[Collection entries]

■ ■ ■ ■ ■ ■ ■

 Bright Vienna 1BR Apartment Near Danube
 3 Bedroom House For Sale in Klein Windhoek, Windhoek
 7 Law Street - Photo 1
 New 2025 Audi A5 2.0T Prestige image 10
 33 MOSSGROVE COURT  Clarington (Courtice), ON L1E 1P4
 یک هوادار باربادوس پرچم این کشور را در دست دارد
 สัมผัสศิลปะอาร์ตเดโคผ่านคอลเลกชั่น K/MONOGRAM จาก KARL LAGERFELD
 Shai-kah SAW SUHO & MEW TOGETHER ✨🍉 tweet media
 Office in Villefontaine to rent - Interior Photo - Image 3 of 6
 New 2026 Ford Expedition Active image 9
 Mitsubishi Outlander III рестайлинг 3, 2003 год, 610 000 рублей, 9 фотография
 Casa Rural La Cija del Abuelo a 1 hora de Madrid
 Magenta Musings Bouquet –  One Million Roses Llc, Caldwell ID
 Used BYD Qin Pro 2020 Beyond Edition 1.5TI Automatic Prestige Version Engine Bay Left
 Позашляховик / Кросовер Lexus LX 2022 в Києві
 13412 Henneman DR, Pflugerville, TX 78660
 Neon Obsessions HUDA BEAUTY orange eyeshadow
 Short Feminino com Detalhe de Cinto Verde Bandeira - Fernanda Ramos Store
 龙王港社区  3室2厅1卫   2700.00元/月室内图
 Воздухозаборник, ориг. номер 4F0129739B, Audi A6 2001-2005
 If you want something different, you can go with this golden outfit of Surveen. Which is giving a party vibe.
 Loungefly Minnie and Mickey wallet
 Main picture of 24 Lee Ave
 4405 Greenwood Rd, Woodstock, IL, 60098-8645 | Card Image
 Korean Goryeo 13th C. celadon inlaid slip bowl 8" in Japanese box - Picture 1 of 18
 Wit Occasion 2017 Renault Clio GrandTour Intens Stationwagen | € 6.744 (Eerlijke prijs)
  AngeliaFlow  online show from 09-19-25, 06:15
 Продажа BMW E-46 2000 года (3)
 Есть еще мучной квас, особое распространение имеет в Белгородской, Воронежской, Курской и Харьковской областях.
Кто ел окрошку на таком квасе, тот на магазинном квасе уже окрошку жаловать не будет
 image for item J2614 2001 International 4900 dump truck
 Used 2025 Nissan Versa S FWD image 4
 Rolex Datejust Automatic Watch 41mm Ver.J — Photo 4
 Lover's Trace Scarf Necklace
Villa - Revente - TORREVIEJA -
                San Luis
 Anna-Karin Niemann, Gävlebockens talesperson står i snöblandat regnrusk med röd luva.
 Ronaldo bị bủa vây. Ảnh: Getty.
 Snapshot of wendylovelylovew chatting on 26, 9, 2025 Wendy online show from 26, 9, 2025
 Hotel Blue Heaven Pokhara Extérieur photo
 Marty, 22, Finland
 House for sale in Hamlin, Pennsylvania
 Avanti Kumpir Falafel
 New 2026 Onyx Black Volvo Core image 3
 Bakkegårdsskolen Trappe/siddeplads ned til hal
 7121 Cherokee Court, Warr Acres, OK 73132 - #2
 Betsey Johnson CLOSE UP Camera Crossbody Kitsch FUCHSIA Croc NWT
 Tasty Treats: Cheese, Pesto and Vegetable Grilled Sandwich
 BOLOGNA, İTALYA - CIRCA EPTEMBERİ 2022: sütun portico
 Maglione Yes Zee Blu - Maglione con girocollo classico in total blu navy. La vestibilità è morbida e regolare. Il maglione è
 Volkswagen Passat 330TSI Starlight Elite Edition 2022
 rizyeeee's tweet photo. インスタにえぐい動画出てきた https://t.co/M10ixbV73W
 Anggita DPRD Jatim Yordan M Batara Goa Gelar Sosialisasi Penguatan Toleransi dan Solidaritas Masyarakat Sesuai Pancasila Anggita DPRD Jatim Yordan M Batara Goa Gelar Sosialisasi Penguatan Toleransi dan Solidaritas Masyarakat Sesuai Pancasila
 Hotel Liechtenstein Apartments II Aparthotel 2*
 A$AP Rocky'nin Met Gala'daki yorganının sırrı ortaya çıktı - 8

■ ■ ■ ■ ■ ■ ■

- [Exercise aim]
Go through the data and copy each line exactly as it reads.

- [Problem solution]
 Bright Vienna 1BR Apartment Near Danube
 3 Bedroom House For Sale in Klein Windhoek, Windhoek
 7 Law Street - Photo 1
 New 2025 Audi A5 2.0T Prestige image 10
 33 MOSSGROVE COURT  Clarington (Courtice), ON L1E 1P4
 یک هوادار باربادوس پرچم این کشور را در دست دارد
 สัมผัสศิลปะอาร์ตเดโคผ่านคอลเลกชั่น K/MONOGRAM จาก KARL LAGERFELD
 Shai-kah SAW SUHO & MEW TOGETHER ✨🍉 tweet media
 Office in Villefontaine to rent - Interior Photo - Image 3 of 6
 New 2026 Ford Expedition Active image 9
 Mitsubishi Outlander III рестайлинг 3, 2003 год, 610 000 рублей, 9 фотография
 Casa Rural La Cija del Abuelo a 1 hora de Madrid
 Magenta Musings Bouquet –  One Million Roses Llc, Caldwell ID
 Used BYD Qin Pro 2020 Beyond Edition 1.5TI Automatic Prestige Version Engine Bay Left
 Позашляховик / Кросовер Lexus LX 2022 в Києві
 13412 Henneman DR, Pflugerville, TX 78660
 Neon Obsessions HUDA BEAUTY orange eyeshadow
 Short Feminino com Detalhe de Cinto Verde Bandeira - Fernanda Ramos Store
 龙王港社区  3室2厅1卫   2700.00元/月室内图
 Воздухозаборник, ориг. номер 4F0129739B, Audi A6 2001-2005
 If you want something different, you can go with this golden outfit of Surveen. Which is giving a party vibe.
 Loungefly Minnie and Mickey wallet
 Main picture of 24 Lee Ave
 4405 Greenwood Rd, Woodstock, IL, 60098-8645 | Card Image
 Korean Goryeo 13th C. celadon inlaid slip bowl 8" in Japanese box - Picture 1 of 18
 Wit Occasion 2017 Renault Clio GrandTour Intens Stationwagen | € 6.744 (Eerlijke prijs)
  AngeliaFlow  online show from 09-19-25, 06:15
 Продажа BMW E-46 2000 года (3)
 Есть еще мучной квас, особое распространение имеет в Белгородской, Воронежской, Курской и Харьковской областях.
Кто ел окрошку на таком квасе, тот на магазинном квасе уже окрошку жаловать не будет
 image for item J2614 2001 International 4900 dump truck
 Used 2025 Nissan Versa S FWD image 4
 Rolex Datejust Automatic Watch 41mm Ver.J — Photo 4
 Lover's Trace Scarf Necklace
Villa - Revente - TORREVIEJA -
                San Luis
 Anna-Karin Niemann, Gävlebockens talesperson står i snöblandat regnrusk med röd luva.
 Ronaldo bị bủa vây. Ảnh: Getty.
 Snapshot of wendylovelylovew chatting on 26, 9, 2025 Wendy online show from 26, 9, 2025
 Hotel Blue Heaven Pokhara Extérieur photo
 Marty, 22, Finland
 House for sale in Hamlin, Pennsylvania
 Avanti Kumpir Falafel
 New 2026 Onyx Black Volvo Core image 3
 Bakkegårdsskolen Trappe/siddeplads ned til hal
 7121 Cherokee Court, Warr Acres, OK 73132 - #2
 Betsey Johnson CLOSE UP Camera Crossbody Kitsch FUCHSIA Croc NWT
 Tasty Treats: Cheese, Pesto and Vegetable Grilled Sandwich
 BOLOGNA, İTALYA - CIRCA EPTEMBERİ 2022: sütun portico
 Maglione Yes Zee Blu - Maglione con girocollo classico in total blu navy. La vestibilità è morbida e regolare. Il maglione è
 Volkswagen Passat 330TSI Starlight Elite Edition 2022
 rizyeeee's tweet photo. インスタにえぐい動画出てきた https://t.co/M10ixbV73W
 Anggita DPRD Jatim Yordan M Batara Goa Gelar Sosialisasi Penguatan Toleransi dan Solidaritas Masyarakat Sesuai Pancasila Anggita DPRD Jatim Yordan M Batara Goa Gelar Sosialisasi Penguatan Toleransi dan Solidaritas Masyarakat Sesuai Pancasila
 Hotel Liechtenstein Apartments II Aparthotel 2*
 A$AP Rocky'nin Met Gala'daki yorganının sırrı ortaya çıktı - 8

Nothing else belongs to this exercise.